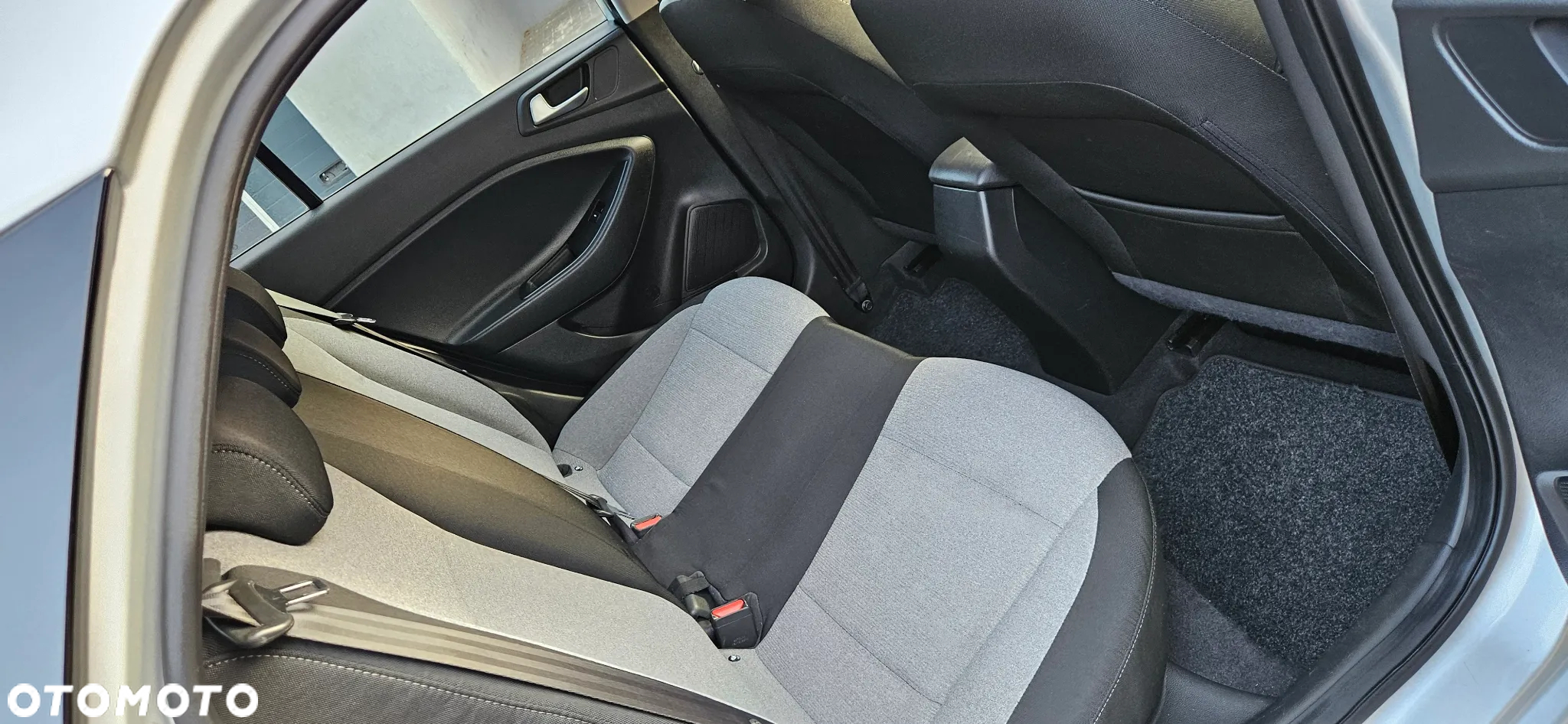Hyundai i20 1.2 YES Silver - 20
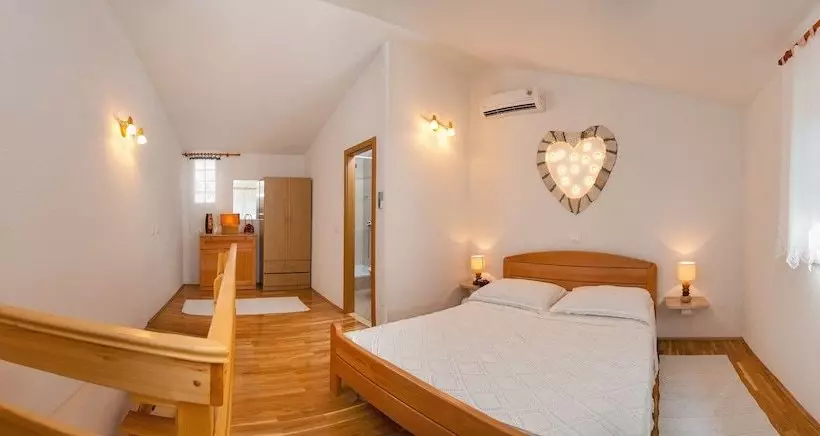 Apartments Mande And Kate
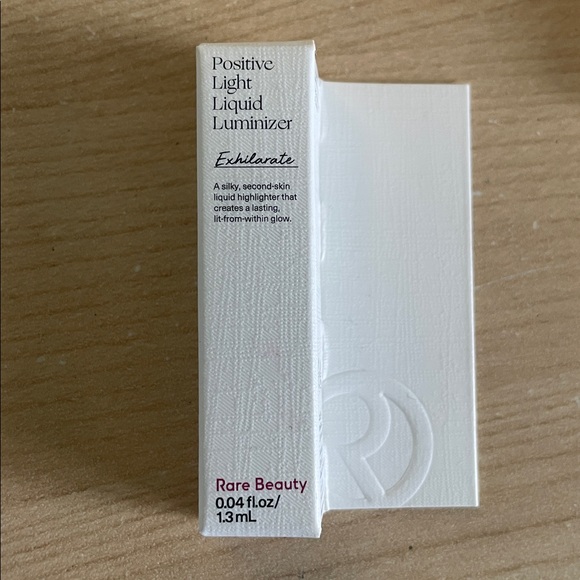 Rare Beauty Liquid Luminizer - Picture 7 of 7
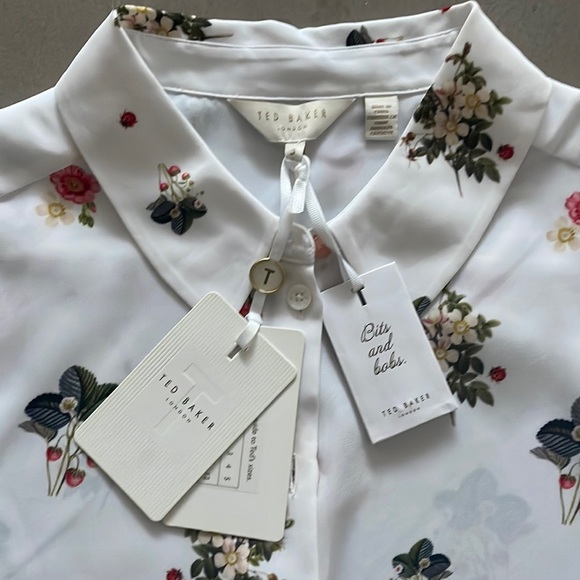 Ted Baker lady bug & berries print blouse NWT - Picture 1 of 15
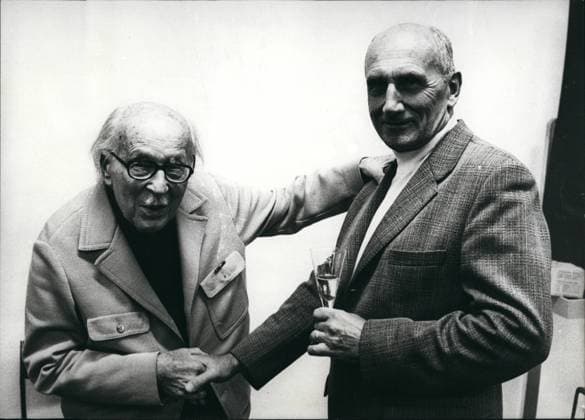 Dentists Doctors Inventor Medicine Science 1962 Nobel Laureate Leopold Ruzicka, Professor for Chemistry Switzerland Ruzika left and Professor Prelos  Copyright: xUnitedxArchivesx xkpaxKeystonex 19600112_baf_k09_2417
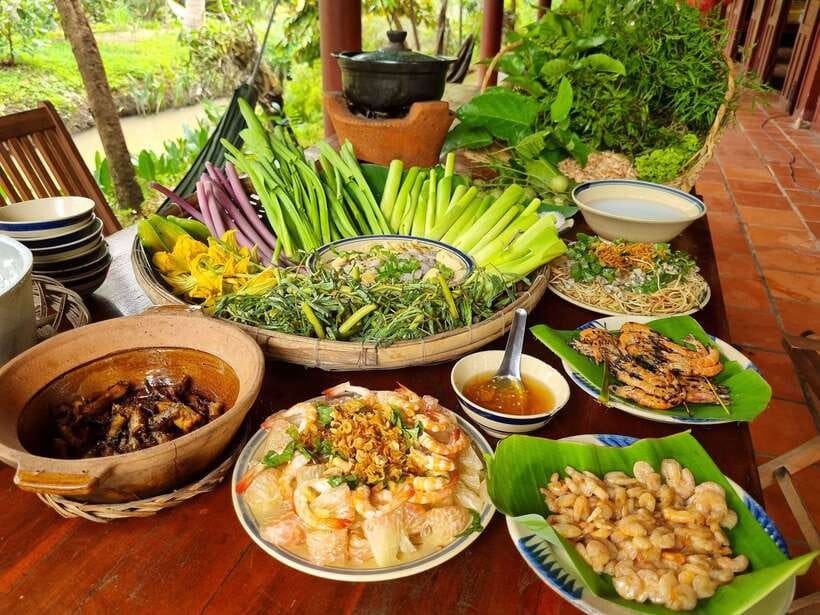 Ho Chi Minh City: Mekong Delta Day Trip with Lunch & Drinks - Sugarcane juice, coconut candy, and a local lunch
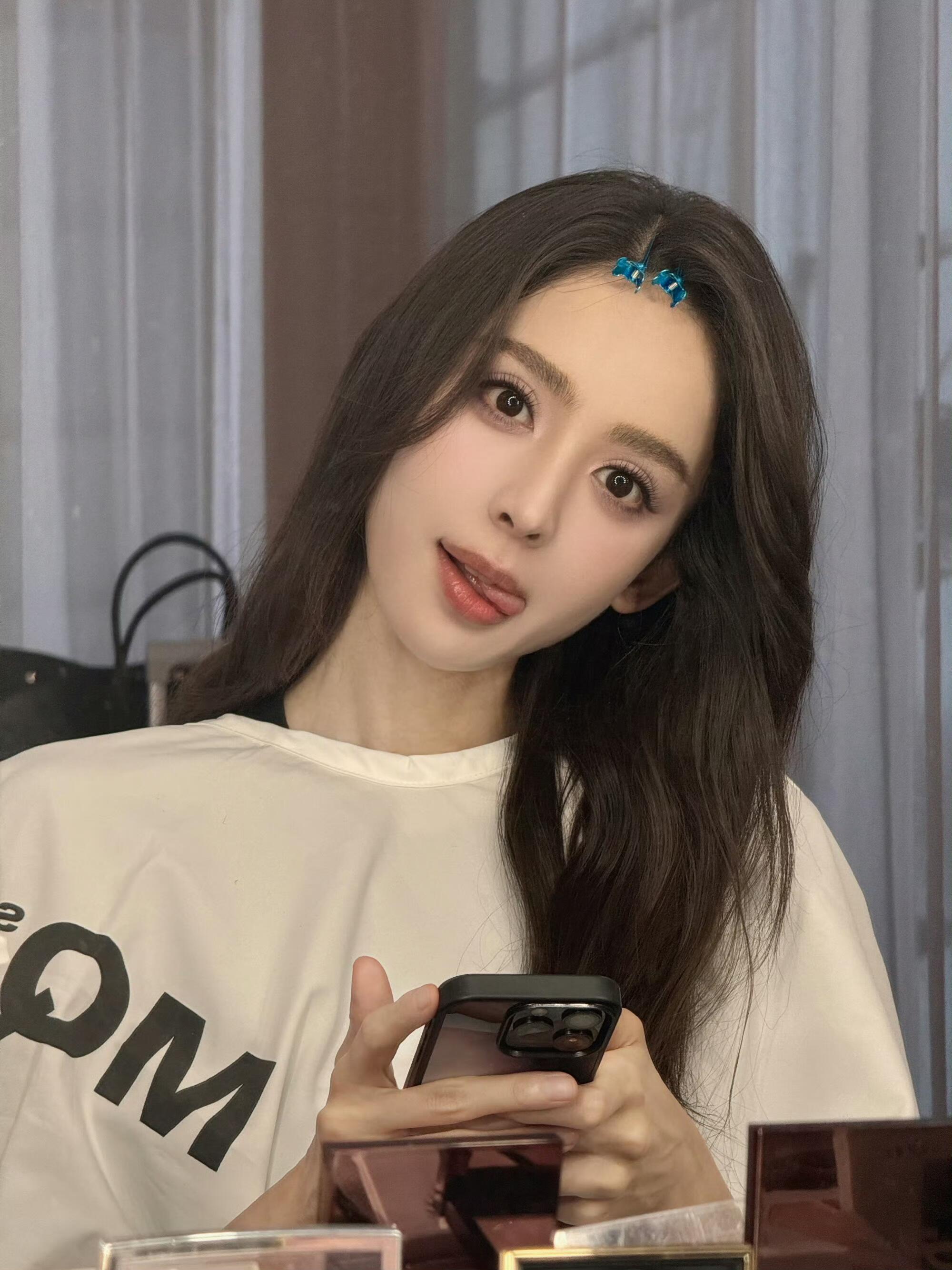 古力娜扎是一位才华横溢的演员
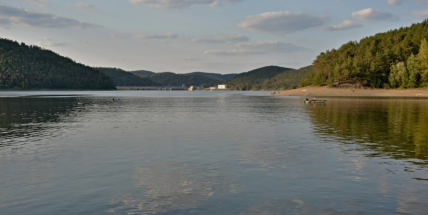 Prázdniny a doba dovolených pomalu končí, dočasně se ochladilo a řada míst zve znovu ke koupání
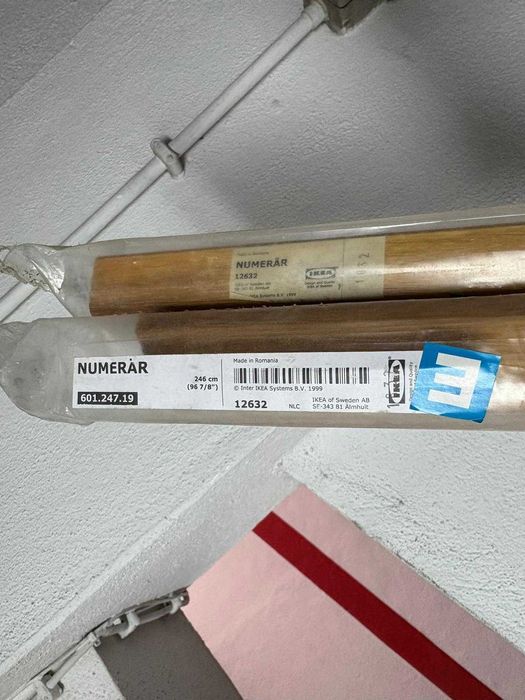 2 veda-águas de madeira IKEA 246 cm cada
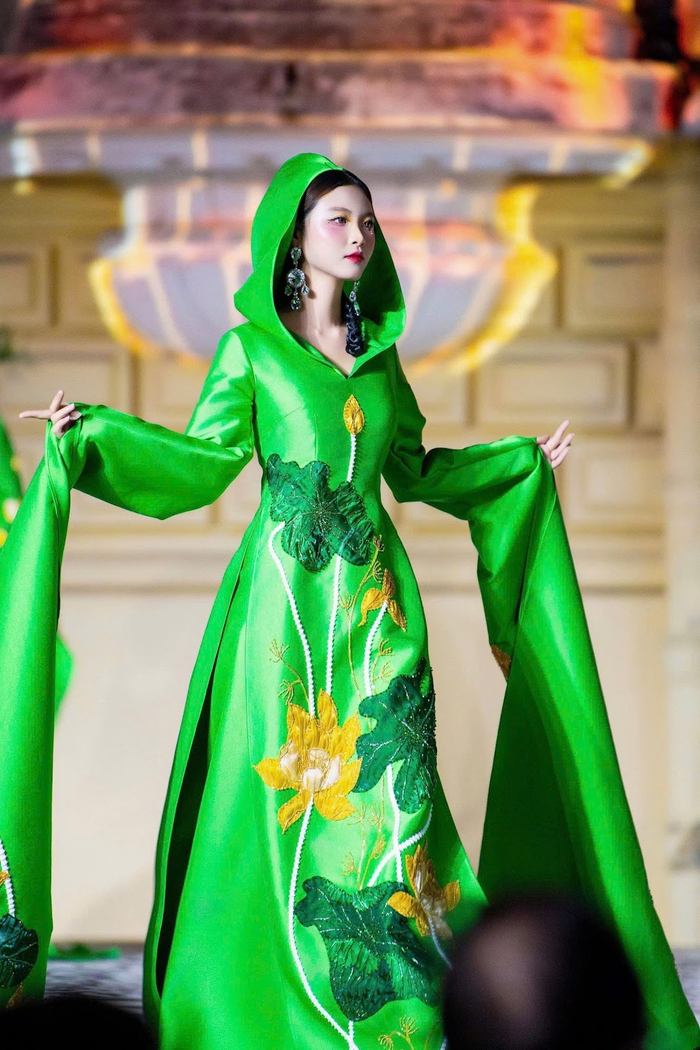 Phụ kiện đôi hoa tai giọt nước làm tăng thêm thần thái của Dương Hương Ly - con gái Bùi Thanh Hương trên sàn diễn&nbsp;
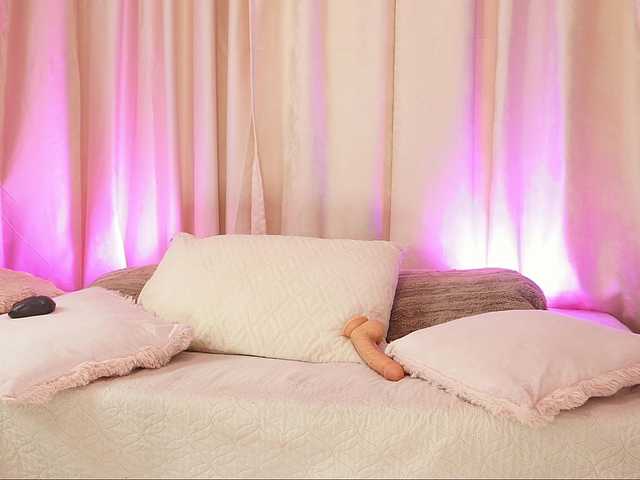 amelia-lov3's BongaCams show and profile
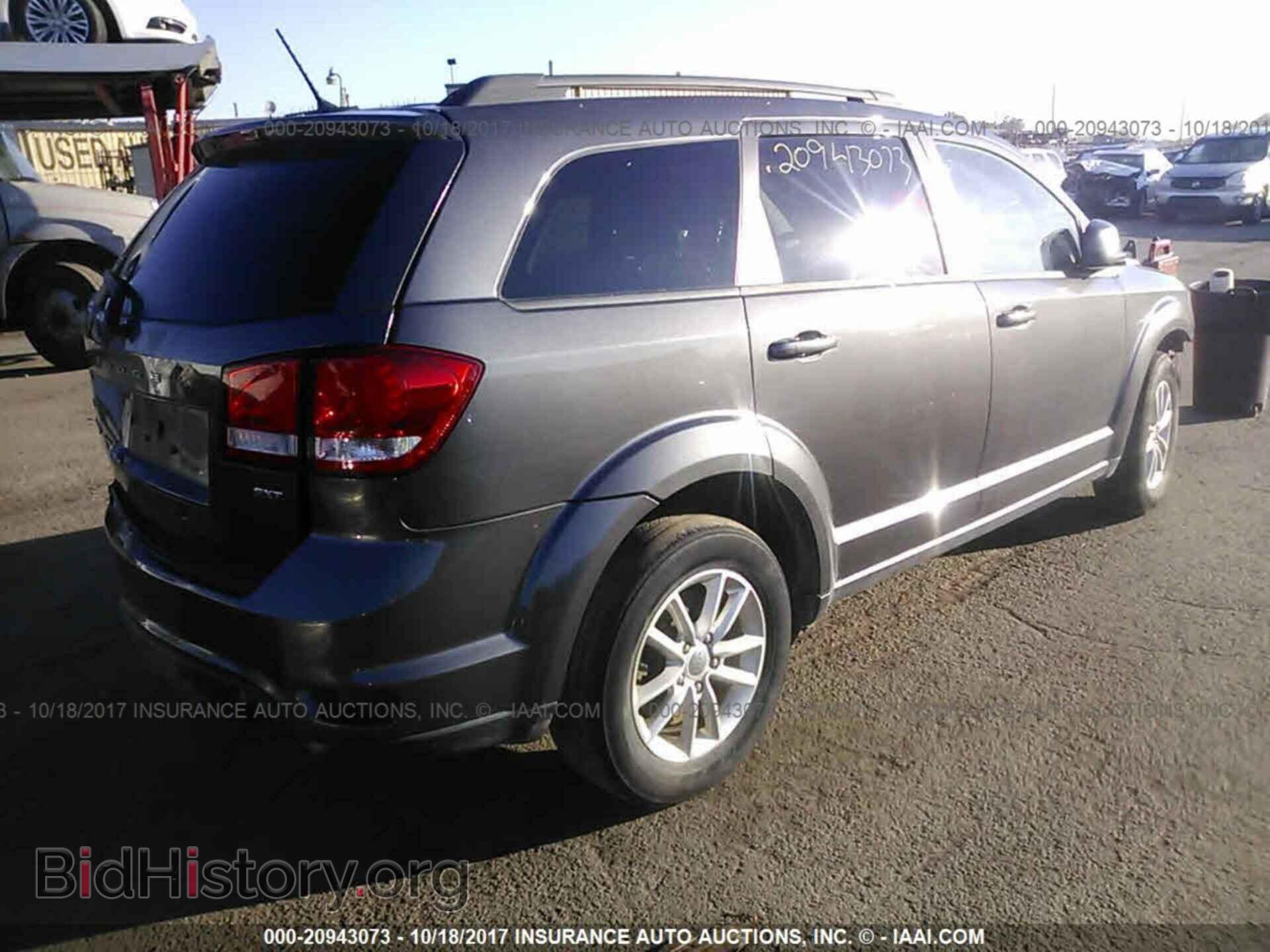 2015 Dodge Journey - VIN: 3C4PDDBG4FT526082 - Фото 4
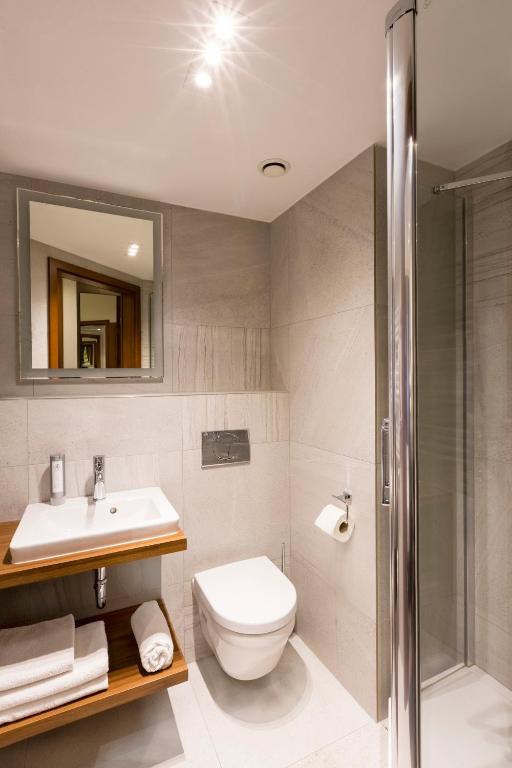 Kúpeľňa v ubytovaní Ascot Premium Hotel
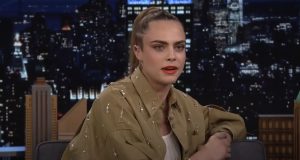 Kara Delevinj objavila video “Step Into Christmas” u kome glumi Eltona Džona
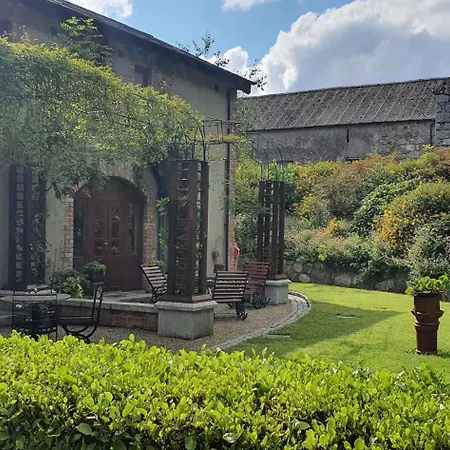 Croneybyrne Courtyard Clara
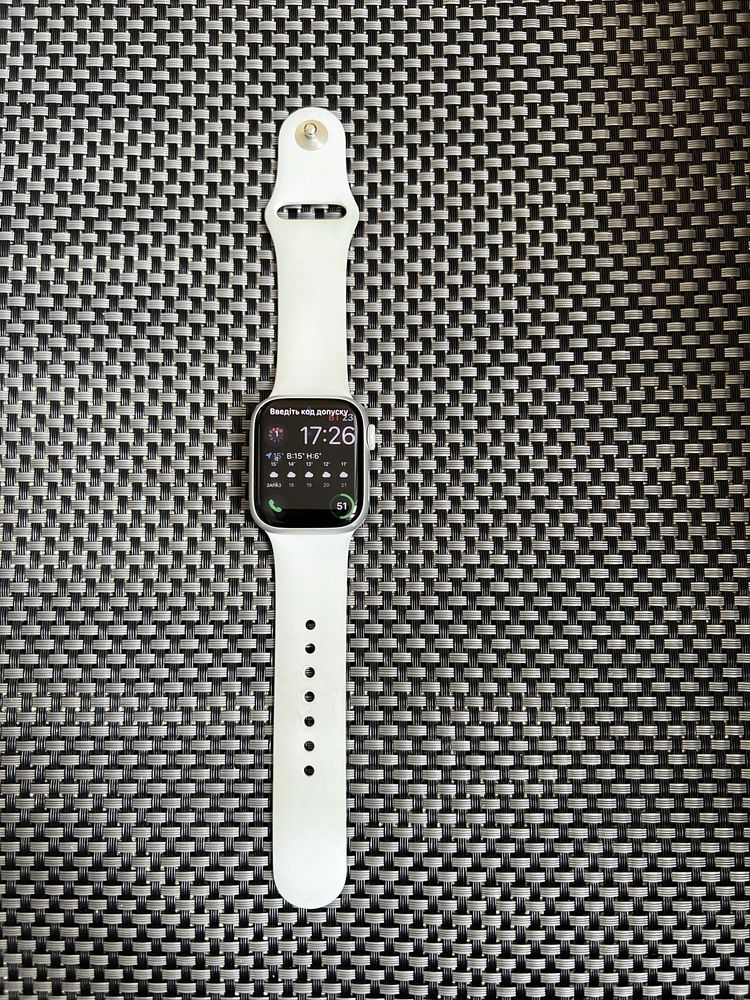 Продам Apple Watch 8 41mm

> Task to carry out:
What is needed is a word-for-word copy of the lines from the one containing "Kúpeľňa v ubytovaní Ascot Premium Hotel" through the final line of the records above, both included, with the pictures left out.

> Output for this task:
 Kúpeľňa v ubytovaní Ascot Premium Hotel
 Kara Delevinj objavila video “Step Into Christmas” u kome glumi Eltona Džona
 Croneybyrne Courtyard Clara
 Продам Apple Watch 8 41mm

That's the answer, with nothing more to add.